RELEVÂNCIA De qualquer maneira, os analistas são unânimes ao afirmar que, em seus 21 anos, o Mercosul ganhou importância internacional, apesar das críticas ligadas às dificuldades de se implementar um mercado comum. "É um avanço, do ponto de vista político para a região, a fim de se fazer um contraposto ao norte e de se privilegiar o mercado do sul", afirma Soldano. Segundo Fernandes, o bloco é considerado uma área de estabilização econômica e política e "recolocou os países que fazem parte dele na economia mundial".

Para prosseguir com seu desafio de integração, que na avaliação de Fernandes teria como objetivo unir todos os países sul-americanos, ainda há um longo caminho. Três das maiores economias da região – Peru, Chile e Colômbia – estariam hoje impossibilitadas de pertencerem ao grupo como membros plenos por manterem relações de livre comércio com os EUA. Juntos, o Produto Interno Bruto (PIB) das três nações somam mais de US$ 1 trilhão. Os três, com o Equador, são Estados associados do bloco. Também fazia desse grupo a Bolívia, que caminha agora para se tornar membro pleno. Já os PIBs boliviano e equatoriano, somados aos do Suriname e da Guiana, que aguardam resposta ao pedido para integrar o grupo, não chegam a US$ 200 bilhões.

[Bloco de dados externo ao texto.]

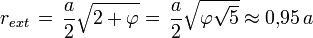 r_{ext} \, = \, \frac{a}{2} \sqrt{2+\varphi} = \,\frac{a}{2} \sqrt{\varphi \sqrt 5}  \approx 0{,}95 \, a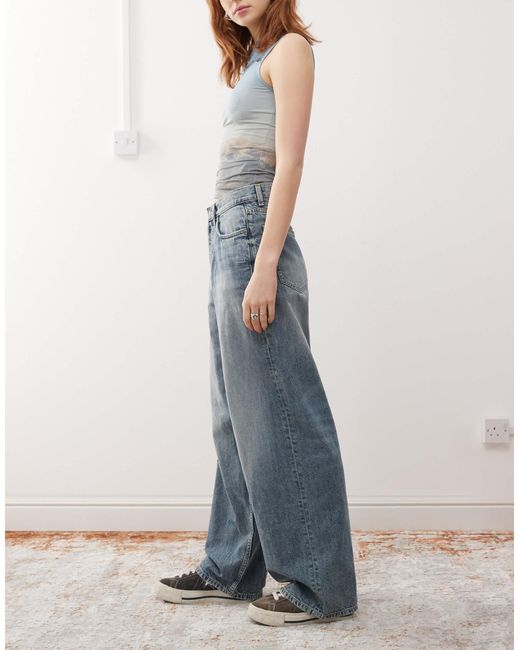 Astro - jean baggy unisexe à taille basse - délavé effet usé Weekday en coloris Blue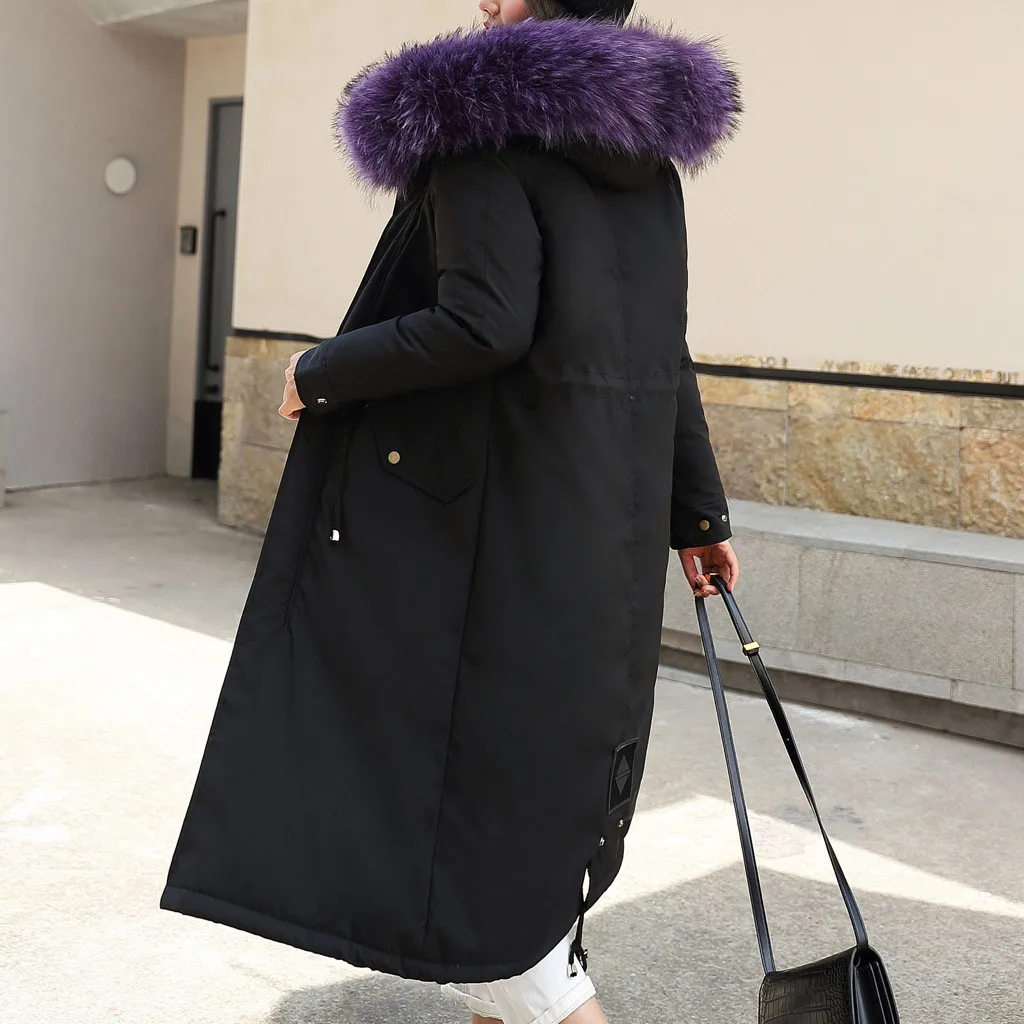 Зимняя женская куртка, пальто, верхняя одежда, пальто из искусственного меха с капюшоном и пуговицами, Длинные однотонные куртки, пальто с карманами giubbotti donna invernali# y3
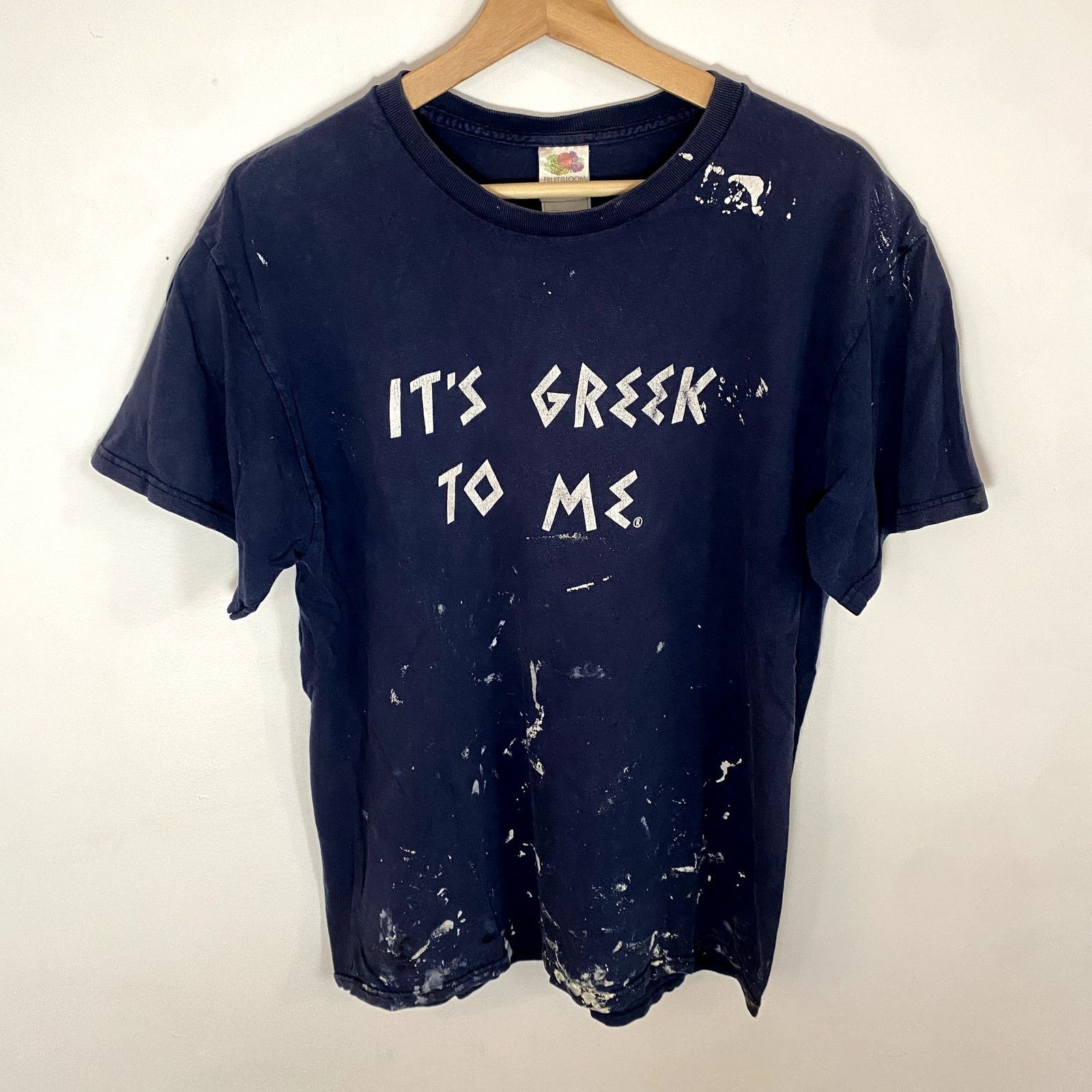 Fruit Of The Loom × Vintage Vintage It's Greek To Me Paint Splatter 90s T Shirt Size US L / EU 52-54 / 3 - 1 Thumbnail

Entre os desafios do Mercosul, a suspensão do Paraguai se coloca como o mais urgente.
A decisão foi tomada em 29 de junho, depois da destituição do então presidente Fernando Lugo, uma semana antes. No entendimento dos líderes do bloco, a ordem democrática no Paraguai foi suspensa no processo. A sanção deve se manter até as eleições presidenciais, em 21 de abril. A expectativa é sobre como o futuro governo lidará com a questão.